*** Source records Section Begins ***

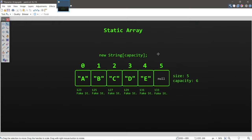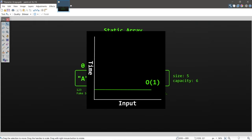A static array has a fixed capacity — we determine that capacity at compile time and cannot change it later. In this example, I have a static array with a capacity of six elements and a size of five occupied elements; the last element is null. Each element has a memory address. Imagine all of these addresses are houses next to each other. Accessing an element is easy because we have index numbers — we can randomly access an element in O(1) constant time.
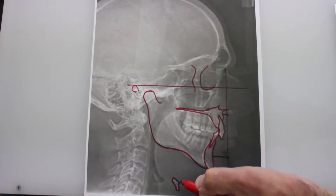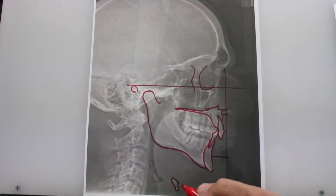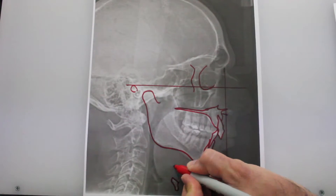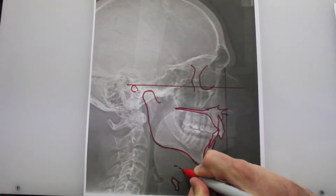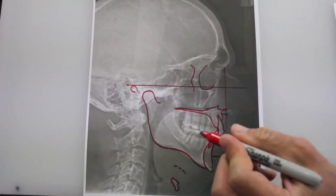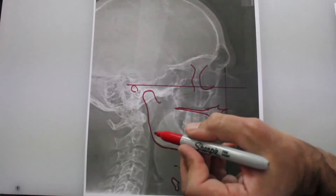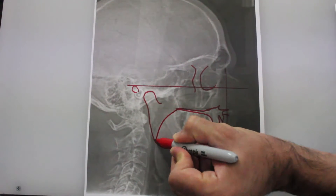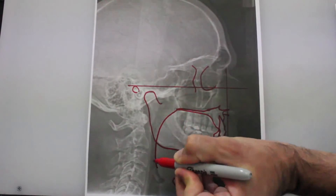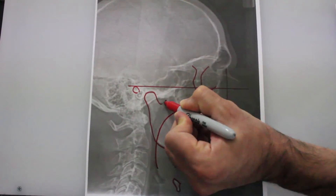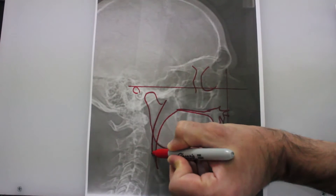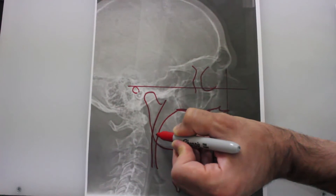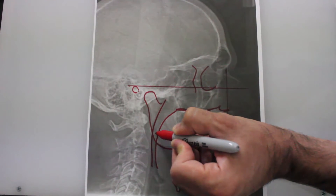This bone is very important because a lot of muscles are attached to it. The hyoid bone should really be here. The most important thing in the X-ray is the posterior airway space, which in this case is very narrow.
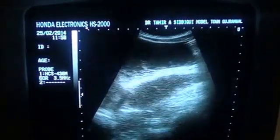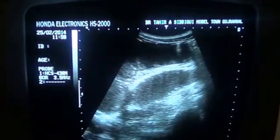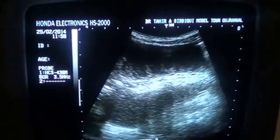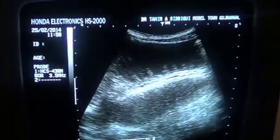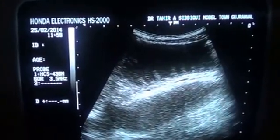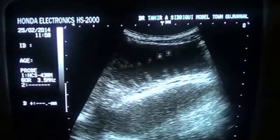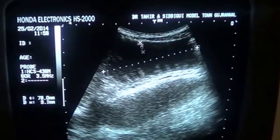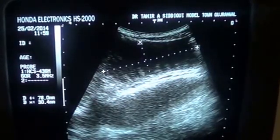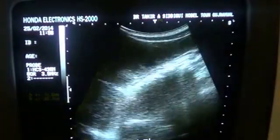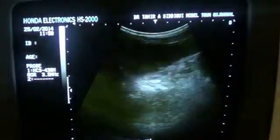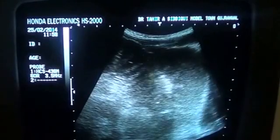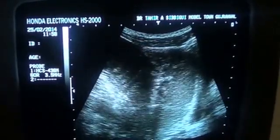Now the key finding is how much the small bowel segments are dilated. These are all small bowel segments. One of the segments shows the palm sign — this is one segment of the small bowel in the region of the right upper quadrant. As we move down the probe, we see that all the bowels are significantly distended.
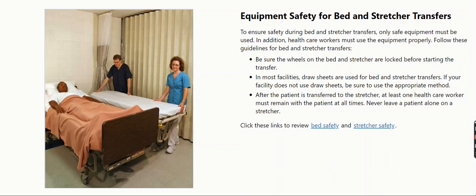After the patient is transferred to the stretcher, at least one health care worker must remain with the patient at all times. Never leave a patient alone on a stretcher. Click these links to review bed safety and stretcher safety.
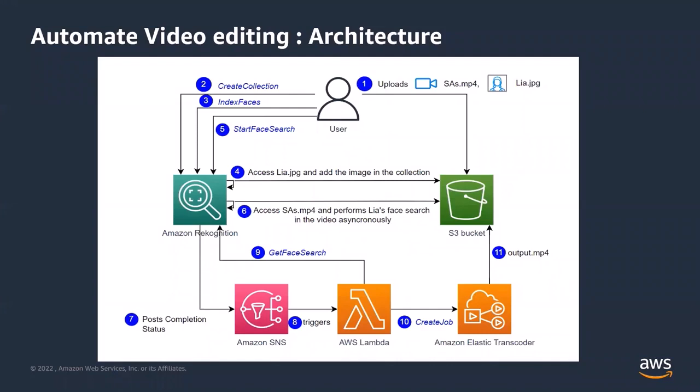First of all, let's understand the architecture here as well. The blue color text in the diagram are the actual API calls. So I, being the user, I have uploaded the video and Leah's image in the S3 bucket as the first step. Now I will first create a collection and then request Amazon Recognition to index Leah's face with index face API. These are the steps here, the second and the third.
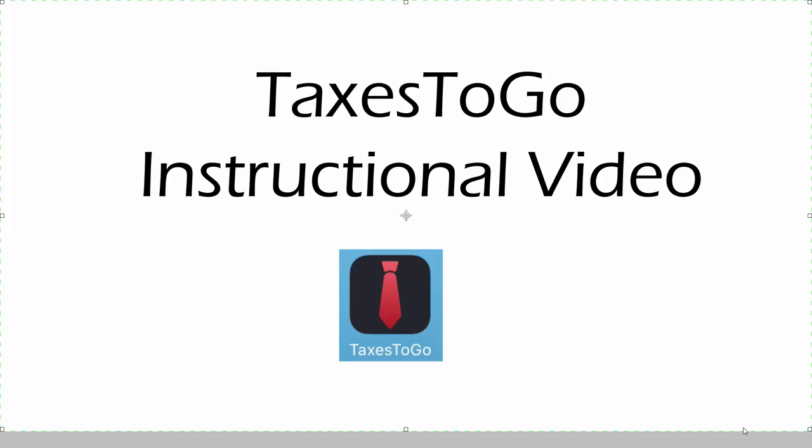Welcome to the Taxes to Go instructional video. The Taxes to Go app will help you send your tax information directly to your tax preparer.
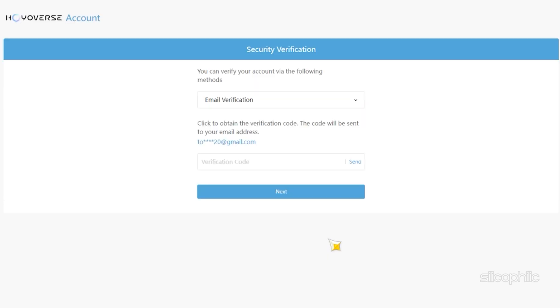Now, select the way you want to verify your account, like email verification. Click on Send code and complete the captcha again.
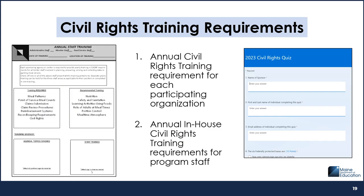When you participate in the CACFP, you have two different training requirements related to civil rights. The first civil rights training requirement involves one staff person from each participating organization watching the state agency's annual civil rights training, which is provided as a recorded, on-demand training on the CACFP basic training page of the Maine Child Nutrition website, and then completing the accompanying civil rights quiz, which documents meeting this requirement.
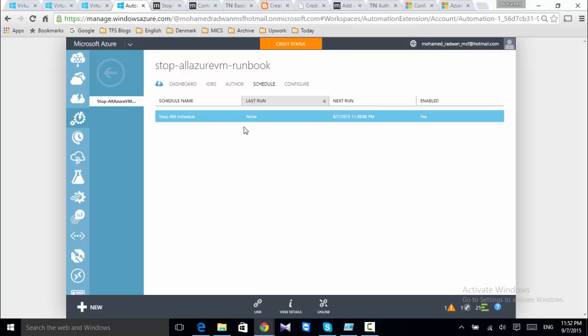Now I need to create another runbook that starts the machines at a specific time. I'll close all machines except the domain controller in the evening and open them in the morning before working hours. Of course this is a testing environment, but this is relevant if you really need to save some money on credits. Thank you.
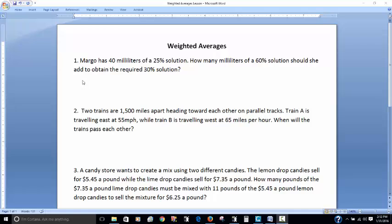Alright, let's look at our first question. Margo has 40 milliliters of a 25% solution. How many milliliters of a 60% solution should she add to obtain the required 30% solution? The way that I'm going to go about it and the way I would suggest you do it is make yourself a little chart.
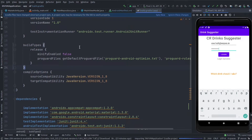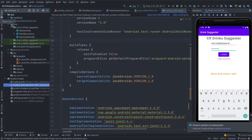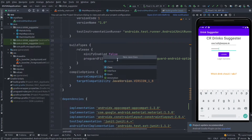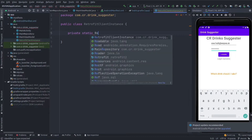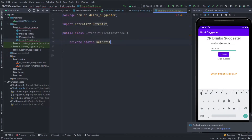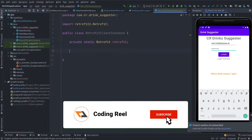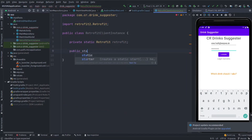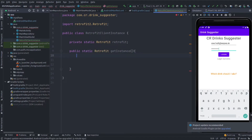Now sync the project. After syncing, we need to create a Retrofit client. Go to the Java class and create a new class named RetrofitClientInstance. In this class, we need to create a static variable of Retrofit, and then a static getInstance method. This is the singleton method.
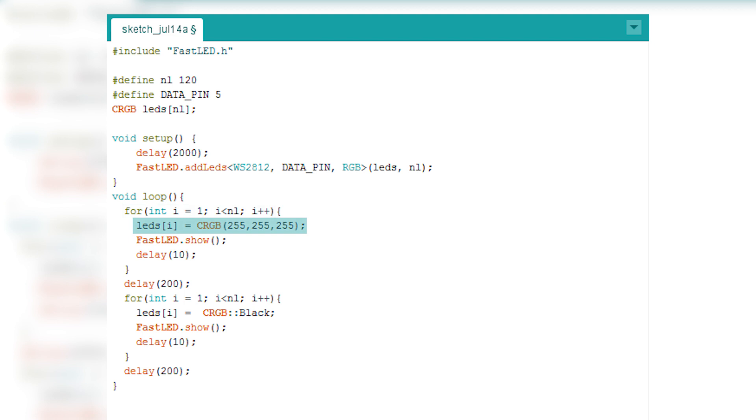So E represents which LED. So if you have, let's say E is five, that will turn on the fifth LED, etc. So the way you turn it on, you can see you set equal CRGB.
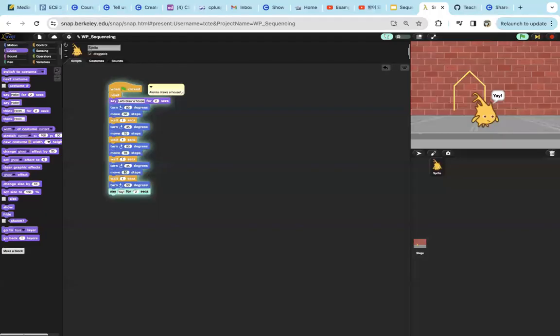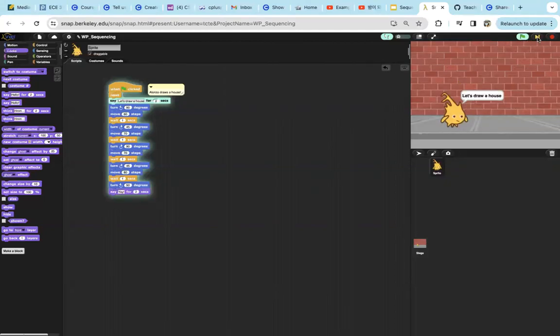Hi, the goal of this program is to draw a house with Alonzo. First we run a program, it will first reset, and it will say "Let's draw a house" for 2 seconds.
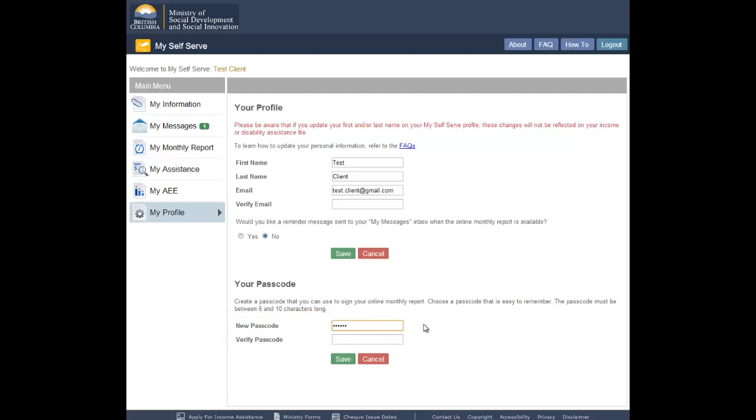Select a code that is easy for you to remember. Your code must be at least 6 characters long, but cannot be more than 10 characters long. The passcode is not case sensitive.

*** Source records Section Ends ***

- **Brief**: What you return must match the lines from the top of the data through the line with "After the patient" exactly, with the pictures removed.

- **Problem solution**:
A static array has a fixed capacity — we determine that capacity at compile time and cannot change it later. In this example, I have a static array with a capacity of six elements and a size of five occupied elements; the last element is null. Each element has a memory address. Imagine all of these addresses are houses next to each other. Accessing an element is easy because we have index numbers — we can randomly access an element in O(1) constant time.
This bone is very important because a lot of muscles are attached to it. The hyoid bone should really be here. The most important thing in the X-ray is the posterior airway space, which in this case is very narrow.
Now the key finding is how much the small bowel segments are dilated. These are all small bowel segments. One of the segments shows the palm sign — this is one segment of the small bowel in the region of the right upper quadrant. As we move down the probe, we see that all the bowels are significantly distended.
After the patient is transferred to the stretcher, at least one health care worker must remain with the patient at all times. Never leave a patient alone on a stretcher. Click these links to review bed safety and stretcher safety.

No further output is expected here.